What the exercise asks
Write out exactly what each line says, starting with the first line below and ending on the one with "Английски детски сандали".

(Data records)

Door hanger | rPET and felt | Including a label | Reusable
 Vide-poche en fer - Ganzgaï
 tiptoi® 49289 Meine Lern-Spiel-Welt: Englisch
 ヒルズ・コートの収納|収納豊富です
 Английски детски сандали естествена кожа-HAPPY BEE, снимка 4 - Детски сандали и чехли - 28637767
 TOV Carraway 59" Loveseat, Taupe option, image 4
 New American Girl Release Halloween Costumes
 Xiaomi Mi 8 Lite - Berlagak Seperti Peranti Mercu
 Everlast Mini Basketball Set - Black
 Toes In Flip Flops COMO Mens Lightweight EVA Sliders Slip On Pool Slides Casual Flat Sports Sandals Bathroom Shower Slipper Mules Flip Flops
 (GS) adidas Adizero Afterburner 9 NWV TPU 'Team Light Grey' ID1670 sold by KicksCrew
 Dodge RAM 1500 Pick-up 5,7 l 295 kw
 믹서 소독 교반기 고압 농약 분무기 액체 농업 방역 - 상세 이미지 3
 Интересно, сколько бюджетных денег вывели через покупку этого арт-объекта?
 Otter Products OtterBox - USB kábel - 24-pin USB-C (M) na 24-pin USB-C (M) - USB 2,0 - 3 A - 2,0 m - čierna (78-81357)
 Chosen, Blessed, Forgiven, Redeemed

(End Data records)

Exercise result
Door hanger | rPET and felt | Including a label | Reusable
 Vide-poche en fer - Ganzgaï
 tiptoi® 49289 Meine Lern-Spiel-Welt: Englisch
 ヒルズ・コートの収納|収納豊富です
 Английски детски сандали естествена кожа-HAPPY BEE, снимка 4 - Детски сандали и чехли - 28637767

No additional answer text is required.